Cancer-related fatigue
A systematic review and meta-analysis by Marx (2017) evaluating the efficacy of L-carnitine supplementation for the treatment of cancer-related fatigue included three RCTs (Hershman 2013, Cruciani 2012/2018, Kraft 2012).
- Despite some individual studies reporting small benefits, more methodologically rigorous trials failed to show meaningful effects.
Prevention of chemotherapy-associated cardiotoxicity
Two small RCTs have assessed the use of L-carnitine for the prevention of cardiotoxicity in cancer patients. While one small study suggests a potential benefit in reducing IL-2-associated cardiac events, another showed no protective effect against anthracycline-induced cardiotoxicity.
- A double-blind RCT (n=40) in patients with non-Hodgkin's lymphoma receiving anthracyclines found no significant differences in echocardiographic parameters between the L-carnitine and placebo groups. (Waldner 2006)
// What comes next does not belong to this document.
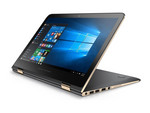 HP Spectre x360 13-4203ng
- A double-blind RCT (n=30) in patients receiving high-dose interleukin-2 therapy reported a reduction in serious cardiac events (e.g., arrhythmias and acute heart failure) with L-carnitine use compared to no therapy, but the small sample size and heterogeneity of the cancer types limit generalizability. (Lissoni 1993)
Sexual dysfunction
One placebo-controlled RCT evaluated the efficacy of propionyl-L-carnitine in 96 men with erectile dysfunction following bilateral, nerve-sparing prostatectomy. (Cavallini 2005)
- Patients receiving L-carnitine in addition to sildenafil 100mg (as needed) reported significantly less erectile dysfunction, as measured by the International Index of Erectile Function questionnaire.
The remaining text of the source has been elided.